=== What is expected ===
Give the data below again exactly as it stands. Omit the pictures.
╭─ Data shown
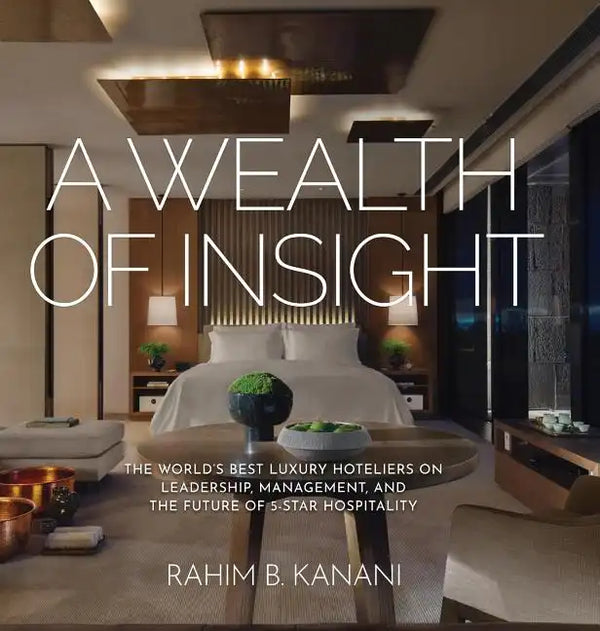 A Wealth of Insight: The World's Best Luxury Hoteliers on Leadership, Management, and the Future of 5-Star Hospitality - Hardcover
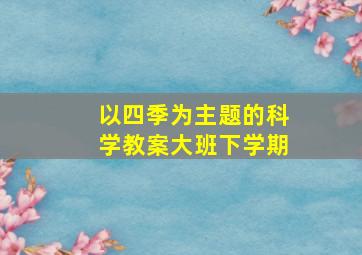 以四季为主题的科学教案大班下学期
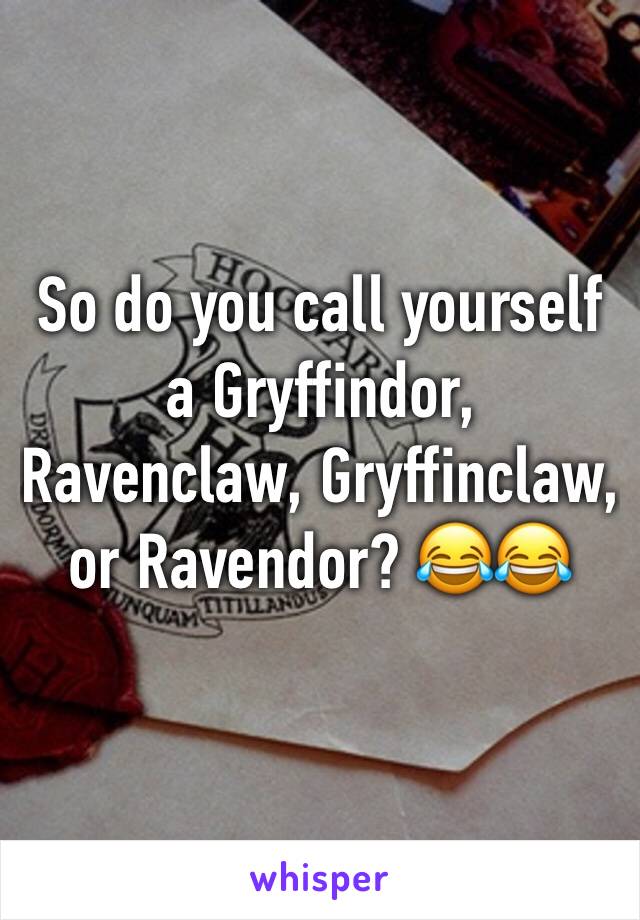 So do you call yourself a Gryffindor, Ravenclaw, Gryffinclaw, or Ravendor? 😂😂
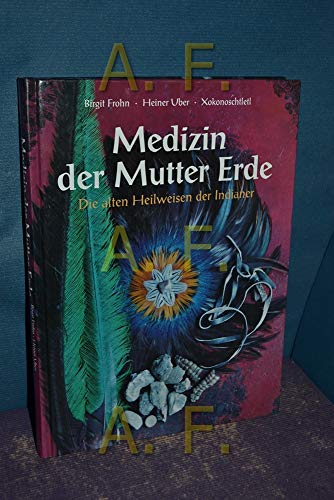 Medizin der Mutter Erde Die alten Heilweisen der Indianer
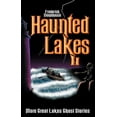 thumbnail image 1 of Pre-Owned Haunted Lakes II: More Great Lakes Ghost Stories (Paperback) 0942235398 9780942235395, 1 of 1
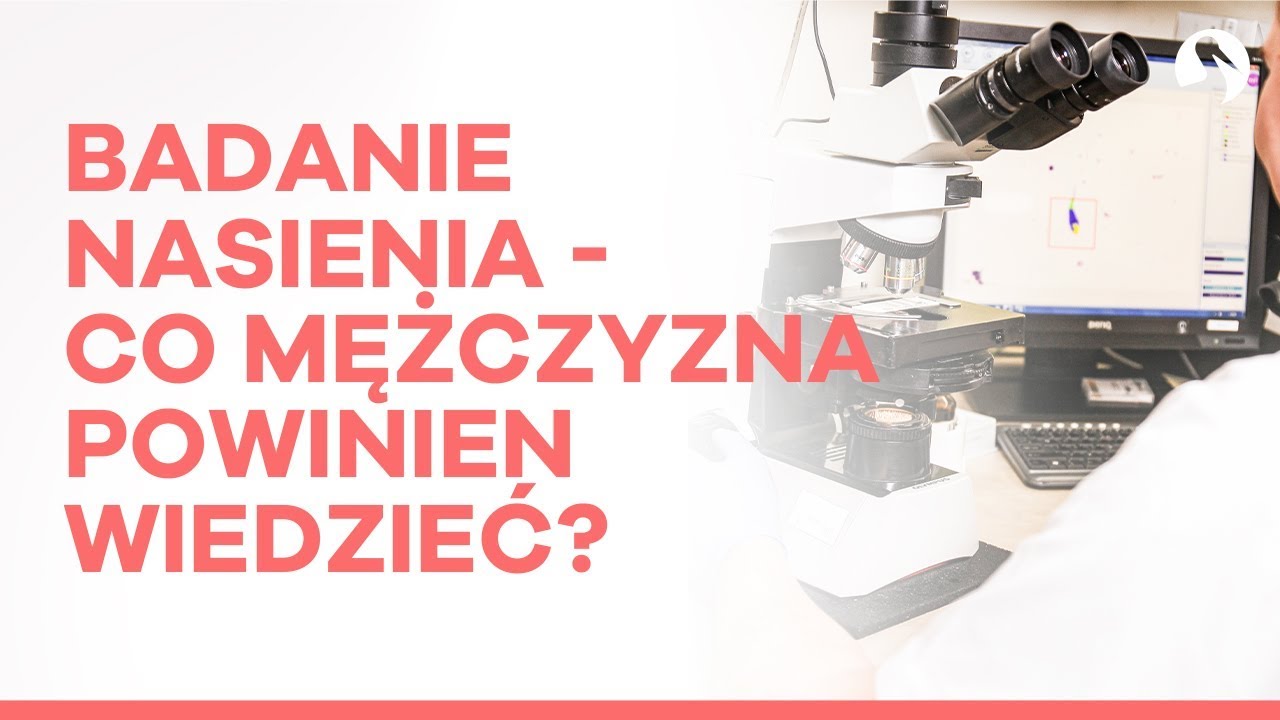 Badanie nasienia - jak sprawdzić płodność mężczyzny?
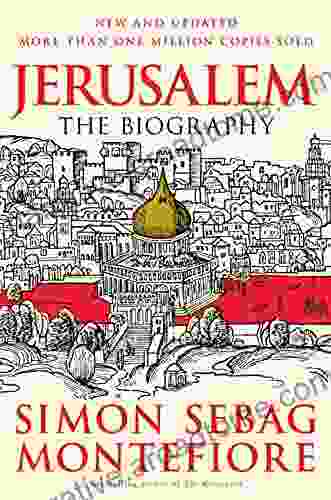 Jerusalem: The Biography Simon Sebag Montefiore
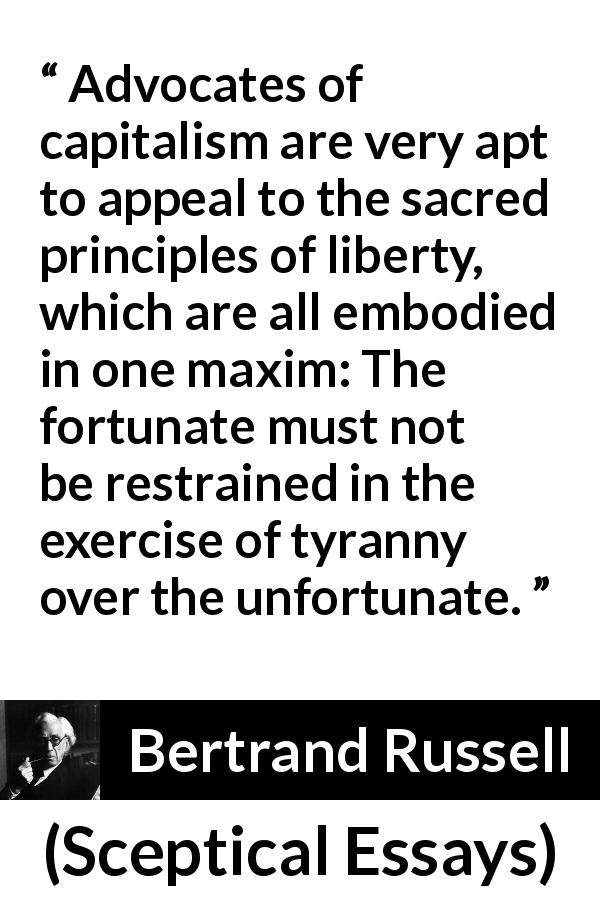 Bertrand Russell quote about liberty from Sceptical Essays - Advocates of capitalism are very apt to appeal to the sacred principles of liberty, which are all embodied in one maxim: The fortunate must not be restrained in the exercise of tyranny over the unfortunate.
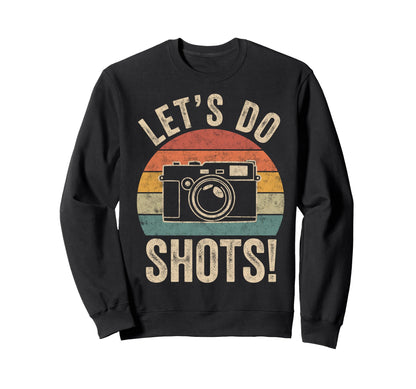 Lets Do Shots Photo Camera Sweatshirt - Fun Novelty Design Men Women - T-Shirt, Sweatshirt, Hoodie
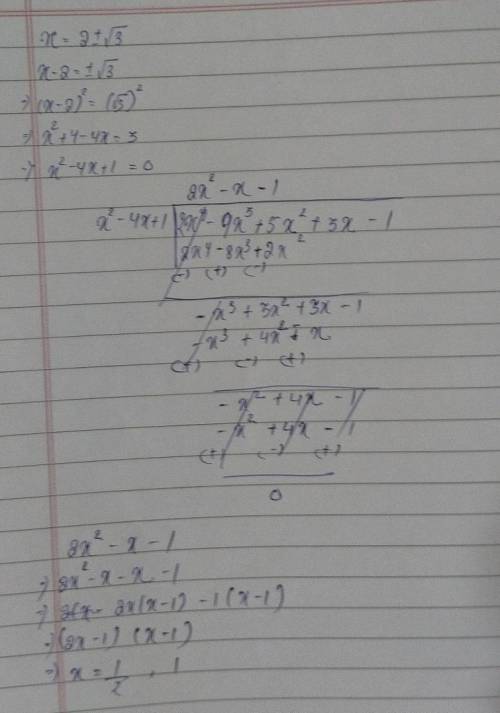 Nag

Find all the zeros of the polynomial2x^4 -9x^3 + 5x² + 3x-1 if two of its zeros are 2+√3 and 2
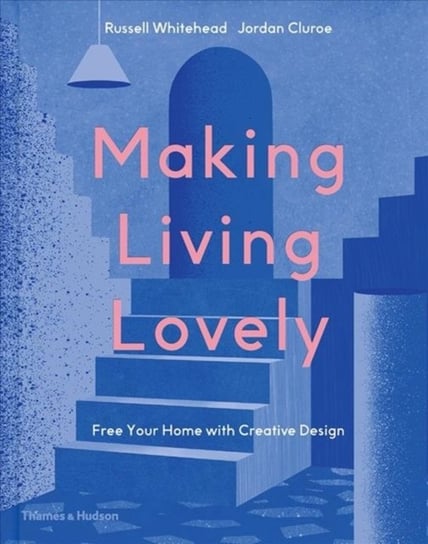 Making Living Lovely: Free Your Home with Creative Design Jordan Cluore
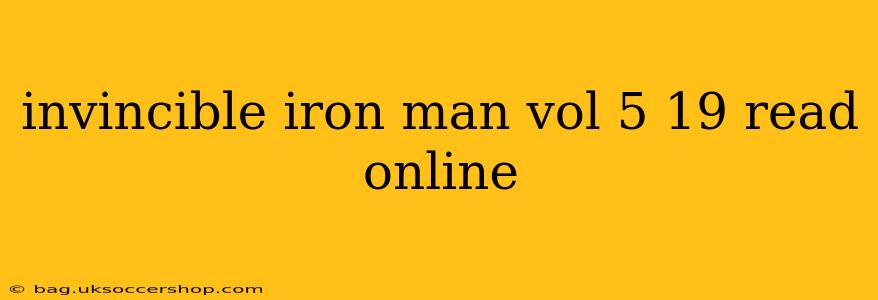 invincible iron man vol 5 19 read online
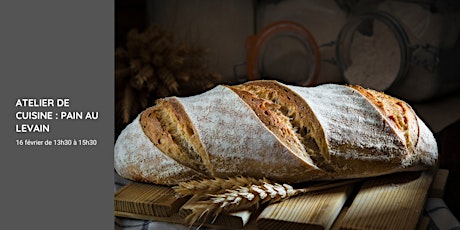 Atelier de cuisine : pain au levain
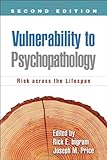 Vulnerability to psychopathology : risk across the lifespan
╰─
=== Solution ===
 A Wealth of Insight: The World's Best Luxury Hoteliers on Leadership, Management, and the Future of 5-Star Hospitality - Hardcover
 以四季为主题的科学教案大班下学期
 So do you call yourself a Gryffindor, Ravenclaw, Gryffinclaw, or Ravendor? 😂😂
 Medizin der Mutter Erde Die alten Heilweisen der Indianer
 thumbnail image 1 of Pre-Owned Haunted Lakes II: More Great Lakes Ghost Stories (Paperback) 0942235398 9780942235395, 1 of 1
 Badanie nasienia - jak sprawdzić płodność mężczyzny?
 Jerusalem: The Biography Simon Sebag Montefiore
 Bertrand Russell quote about liberty from Sceptical Essays - Advocates of capitalism are very apt to appeal to the sacred principles of liberty, which are all embodied in one maxim: The fortunate must not be restrained in the exercise of tyranny over the unfortunate.
 Lets Do Shots Photo Camera Sweatshirt - Fun Novelty Design Men Women - T-Shirt, Sweatshirt, Hoodie
 Nag

Find all the zeros of the polynomial2x^4 -9x^3 + 5x² + 3x-1 if two of its zeros are 2+√3 and 2
 Making Living Lovely: Free Your Home with Creative Design Jordan Cluore
 invincible iron man vol 5 19 read online
 Atelier de cuisine : pain au levain
 Vulnerability to psychopathology : risk across the lifespan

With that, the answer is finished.